I almost ruined one of my best friendships by lying to her and the only reason I didn’t is because she is a better person than most and I will love her forever for that.
Oh, talk about embarrassing moments. These are a far cry from those embarrassing moments of childhood: my swimsuit bottoms slipping down to my knees when I dove into the pool, or whiffing a throw from right field to first base for an easy out. Adult embarrassing moments are gut-wrenching, skin-crawling, heat-rising kind of memories, in which something stupid I did actually affected another person, not just me.
I wonder, is there something my brain is trying to do, by bringing back all these memories? I wish it could be a little quieter, to be honest. But. What is it doing? Perhaps, it is trying to convince me that what I need towards those past versions of myself, is not embarrassment, but compassion. I can now see only in retrospect how much I was struggling or going through a low point at each of these moments. What would I say to her (other than, hey, maybe lay off the pints of Stoli Raz and sodas)?

One of the best things I’ve learned, that I’ve taught myself, is that taking things personally is never a good use of my time and energy. Taking things personally means I am taking someone else’s opinion of me, which can never be based on a complete set of information, to be more important than my opinion of myself.
This isn’t to say, that feedback from others isn’t important or just rolls off my back. You’d better believe that I cut back drinking after that night of phone calls. What it doesn’t mean, is that I’m inherently a horrible person.
What does taking things personally have to do with being embarrassed?
All these moments have in common, someone else’s opinion of me. Maybe not enough to change my mind at the time, but that I look back on and cringe at how they must have thought of me. Think of me. And I still, somewhere, care about it. Like somehow the younger versions of me that are still stacked inside me, like nesting dolls, care. Feel like they need to explain themselves, to defend themselves.

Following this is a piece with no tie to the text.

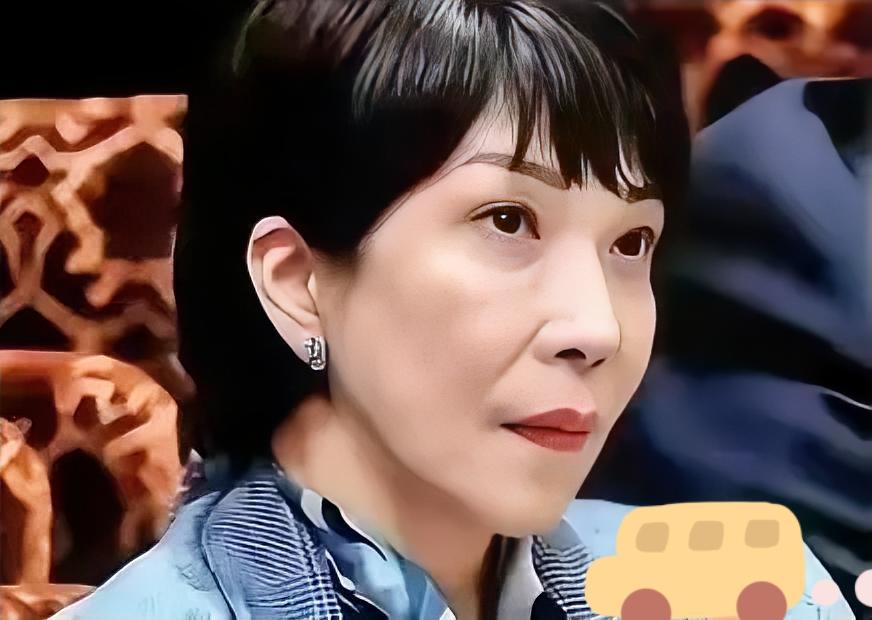 日本这回是真的坐不住了。高市早苗在记者会上表示：“日本非常需要稀土。”说得直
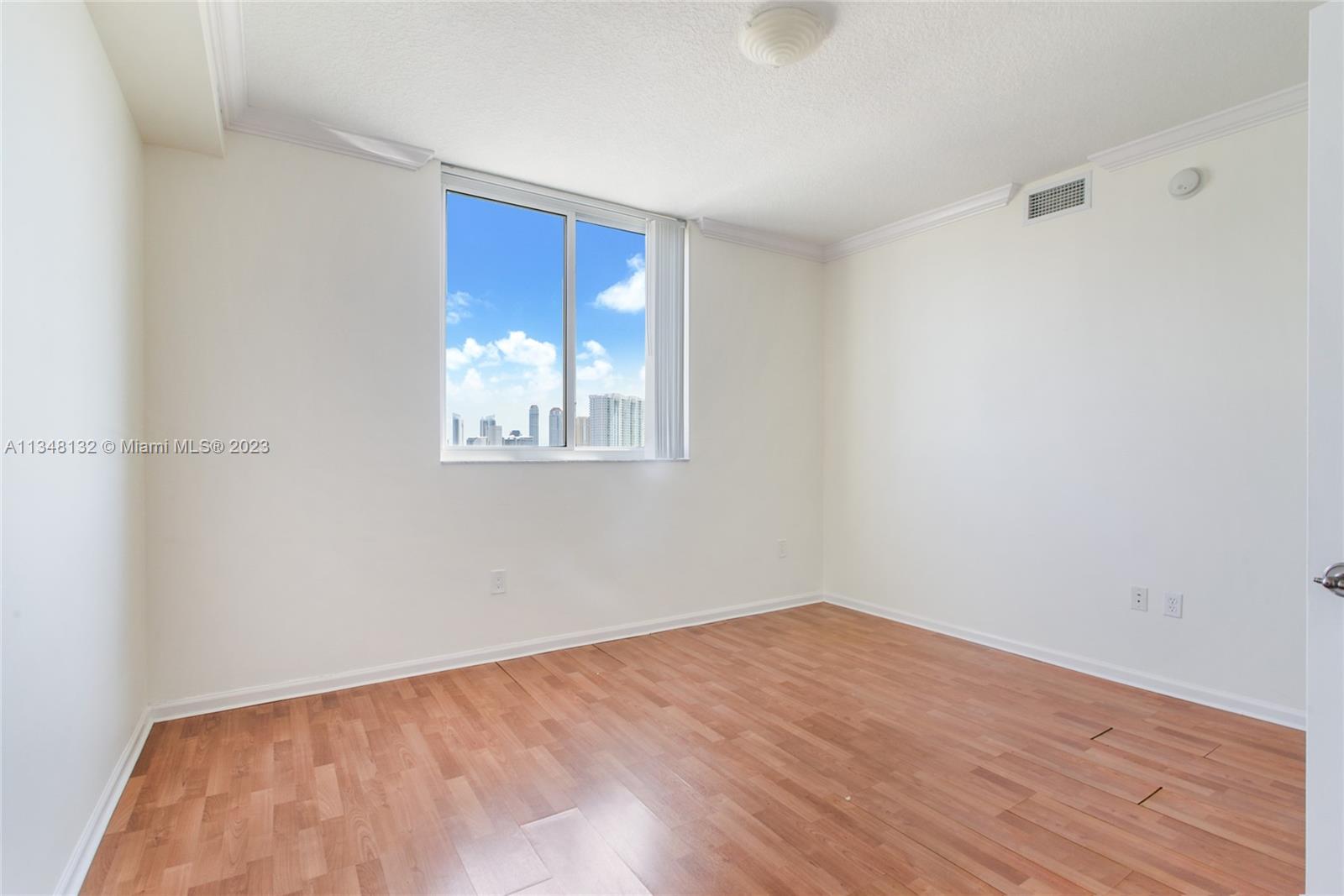 VENTURE AT AVENTURA EAST - Residential Lease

The embarrassment is like proof, like, “Yeah, I know, it was pretty horrible, wasn’t it?”
Why do these nested versions of me feel like they need to defend themselves? It’s like they’re taking what I think about them—myself—personally. This meta situation where I’m forgetting that the younger me didn’t have all the information I have now, and that she did the best she could with what she had.
Not taking things personally requires so much compassion. In both directions. Yes, compassion for the other person, maybe they’re having a hard day so that’s why they yelled or made a mistake. Compassion that they have a perspective I can’t see, I can’t possibly have all the information about. But also, compassion for myself. Compassion that making choices in a world filled with other people is really hard, and fraught, and sometimes I’ll step on someone’s toes, and sometimes I’ll make a choice that I wouldn’t make again.
Compassion that mistakes don’t make me a horrible person, that I can learn from them and become a truer version of myself. Compassion that holding a grudge against myself doesn’t do anyone any good.
I don’t need a grudge to move myself onward.
I need to forgive myself with compassion to move myself onward.